Gottlieb’s therapist, Wendell (not his real name), guides her from her stuck-victim stance, as a recently jettisoned girlfriend, toward a far more nuanced and insightful renovation of self. At the same time, John, her most challenging patient, travels down his therapy pathway, evolving from stuck to unstuck, with help from Gottlieb.

John’s favorite indictment of almost every person he encounters is “Idiot.” Gottlieb starts her first chapter with the litany of nasty charges spewed by John: “He’s an idiot. She’s an idiot. My last therapist was an idiot.” Speaking parenthetically, Gottlieb shares her inside thoughts: “Today John just seems like an asshole.” (6) Despite that, she tries to conjure up compassion for him, recalling that her training supervisor had said, “There’s something likable in everyone.” (5)

From shackled selves with brittle protective shells, Gottlieb and her patients crack through feelings of victimhood and despair to forge insights and self-awareness that allow in light, love, and a broad spectrum of fully experienced emotions. Along the way, Gottlieb provides a treasure trove of psychotherapy tidbits like an array of velvet-soft, multi-hued rose petals, strewn throughout the book:

  • Therapeutic Relationship: Study after study shows that the most crucial factor in the treatment’s success is the relationship. The experience of feeling felt matters more than therapists’ training, the kind of therapy they do, or what type of problem patients have. (36)
  • Working in the here and now: Instead of focusing on a patient’s stories from the outside world, the here-and-now is about what’s occurring in the room.
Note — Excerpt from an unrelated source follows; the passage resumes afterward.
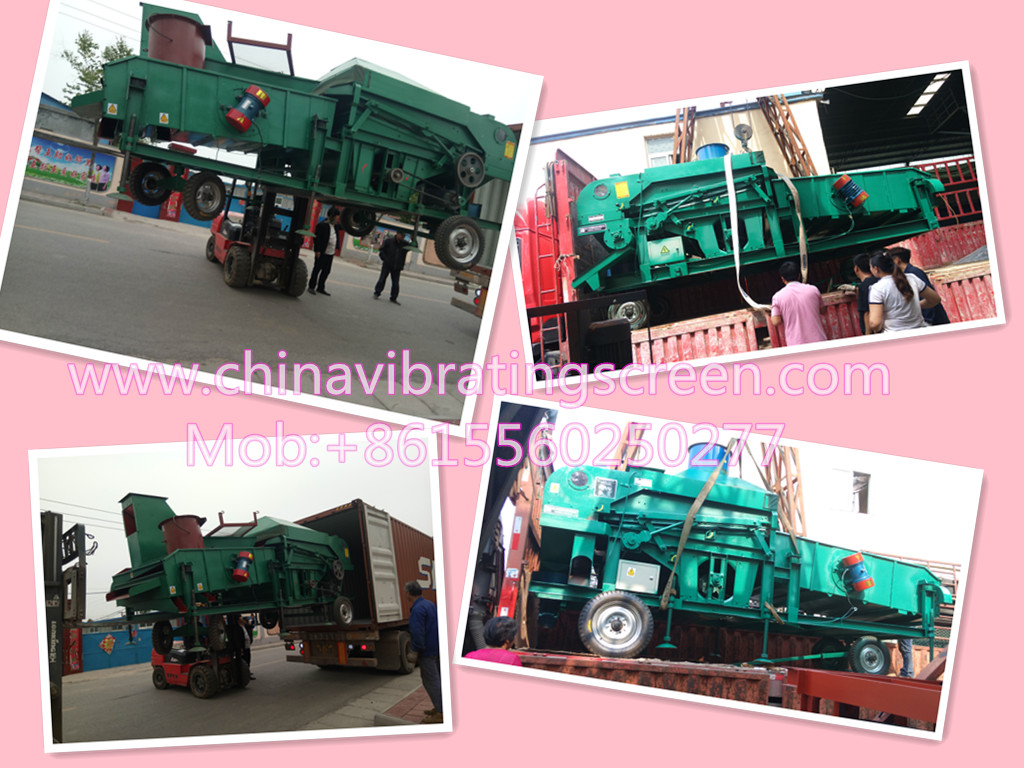 Large-scale convenience cocoa beans red beans sieving machine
You can bet that whatever a patient does with his therapist, he also does with others. (50)
  • Idiot Compassion: I didn’t want to fall into the trap that Buddhists call idiot compassion. In idiot compassion, you avoid rocking the boat to spare people’s feelings, even though the boats need rocking and your compassion ends up being more harmful than your honesty. (51)
  • Telling the Truth: Whenever I’m not sure what to say in the therapy room – which happens to therapists more often than patients realize – I have a choice: I can say nothing until I understand the moment better, or I can attempt an answer, but whatever I do, I must tell the truth. Loss of trust is harder to repair.” (29)
  • Numbness versus Nothingness: People often mistake numbness for nothingness, but numbness isn’t the absence of feelings; it’s a response to being overwhelmed by too many feelings. (56)
  • What therapists do: Therapists listen, suggest, nudge, guide, and occasionally cajole patients into shifting their experience of what’s happening inside and around them. Before long, a common theme emerges, one that might not have been in their field of vision when they first came in. (58)
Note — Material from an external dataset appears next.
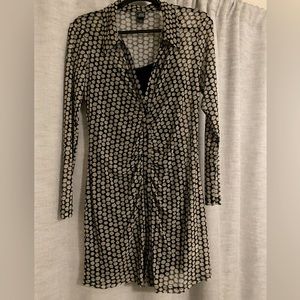 Long sleeve sheer wild fable daisy dress small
Gottlieb’s journey from the hurt, wronged victim of her boyfriend to a “more free, more relaxed, and more alive self” alternates with John’s story and the evolutionary tales of other patients. Their growth is concurrent; in this way, Gottlieb presents the fallibility and the strength of all people. She does not put herself on a pedestal. And she is rewarded. At the end of his therapy, John pays Gottlieb a tribute that made her heart sing: “I don’t want your head to get too big or anything, but I think that you have a more complete picture of my total humanity than anyone else in my life.” (401)

Thanks, Lori Gottlieb! You make my heart sing, too.